ONU quer mais rigor na punição do trabalho escravo

Relatora da entidade faz estudo no País para avaliar formas contemporâneas de trabalhos forçados. Jovens são as maiores vítimas

Priscilla Borges, iG Brasília |

A Organização das Nações Unidas (ONU) quer que o Brasil fortaleça a legislação para combater as novas formas de trabalho escravo no País. Um estudo sobre a realidade das pessoas que são mantidas em condições consideradas de escravidão no País será entregue ao governo brasileiro em setembro. A responsável da ONU pela avaliação, Gulnara Shahinian, acredita que há brechas das leis que fomentam a impunidade e perpetuam o trabalho forçado no Brasil.

Para ela, o governo federal precisa aumentar a punição e tornar os processos de julgamento mais ágeis. Por isso, ela defende que a Justiça Federal julgue os casos e ainda pede a aprovação da PEC nº 438, de 2001, que tramita no Congresso Nacional.

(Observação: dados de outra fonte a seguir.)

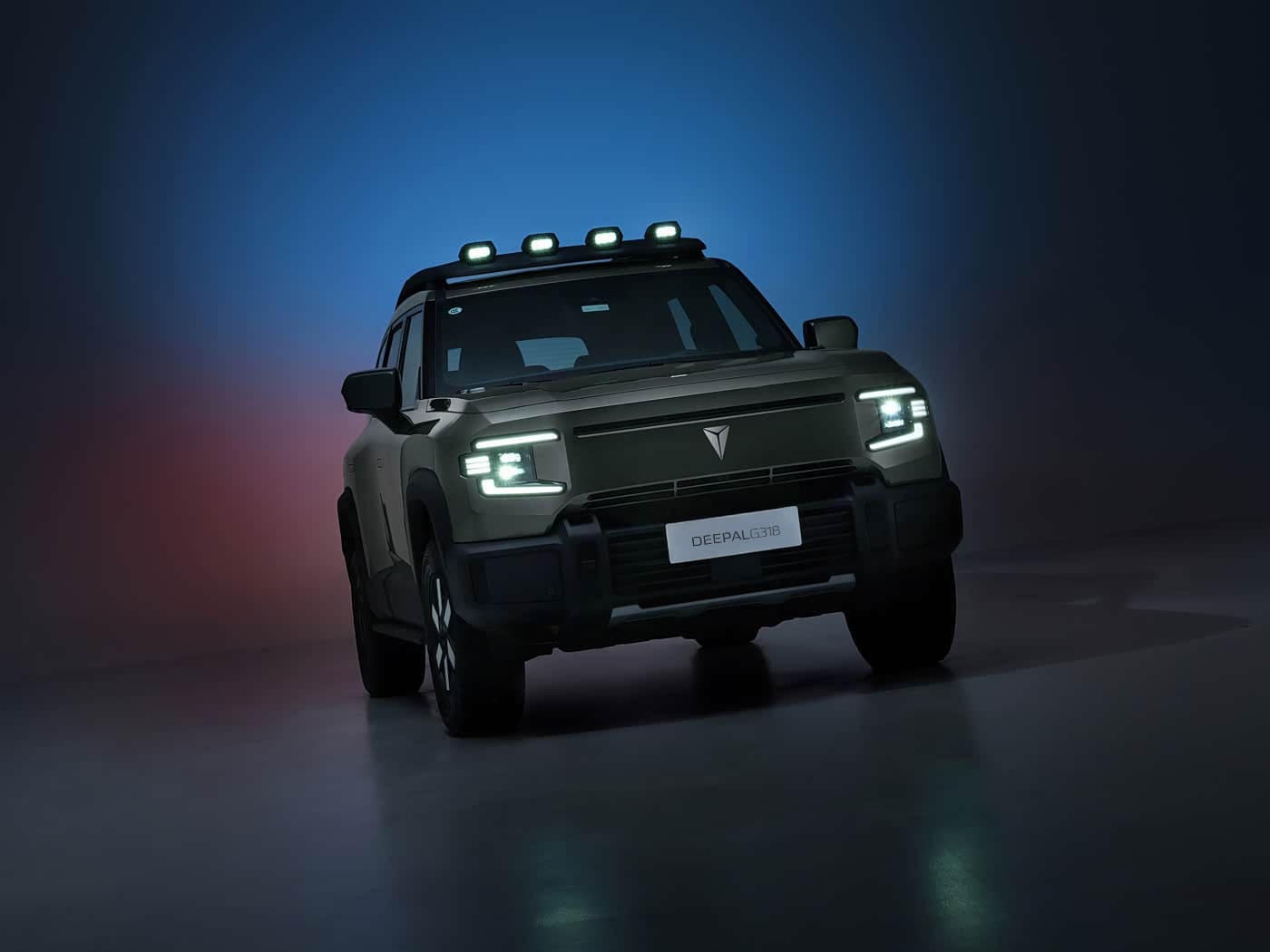 Exterior DEEPAL G318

O projeto pretende expropriar as terras onde forem encontrados trabalhos forçados. “Trabalhos comunitários e prisão domiciliar, como tem sido as penas dadas a essas pessoas, são muito pouco”, opina.

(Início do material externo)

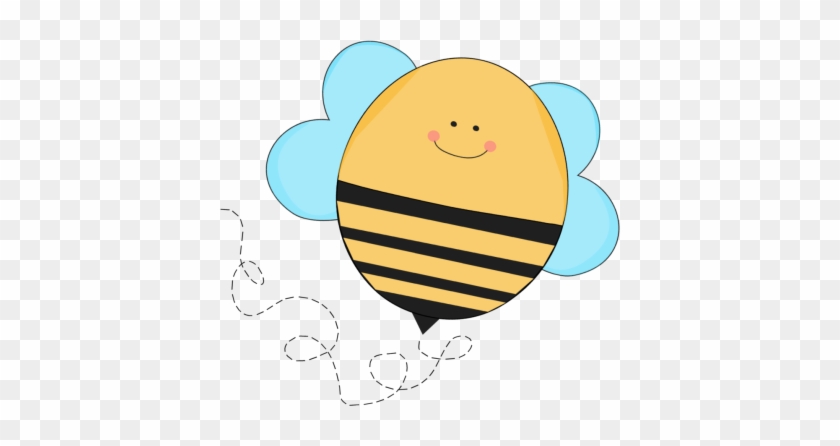 Bee - Spring Clipart My Cute Graphics #765312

Gulnara, que é relatora especial da ONU para formas contemporâneas de escravidão, visitou diversos Estados brasileiros, conheceu projetos de combate à escravidão e de recolocação das pessoas libertadas no mercado de trabalho. Para ela, o Brasil avançou mais que outros países – como China, Paquistão, Haiti e Equador – nas atividades de combate. “O primeiro passo é reconhecer que a escravidão existe e, no Brasil, há bastante autocrítica nesse sentido”, afirma.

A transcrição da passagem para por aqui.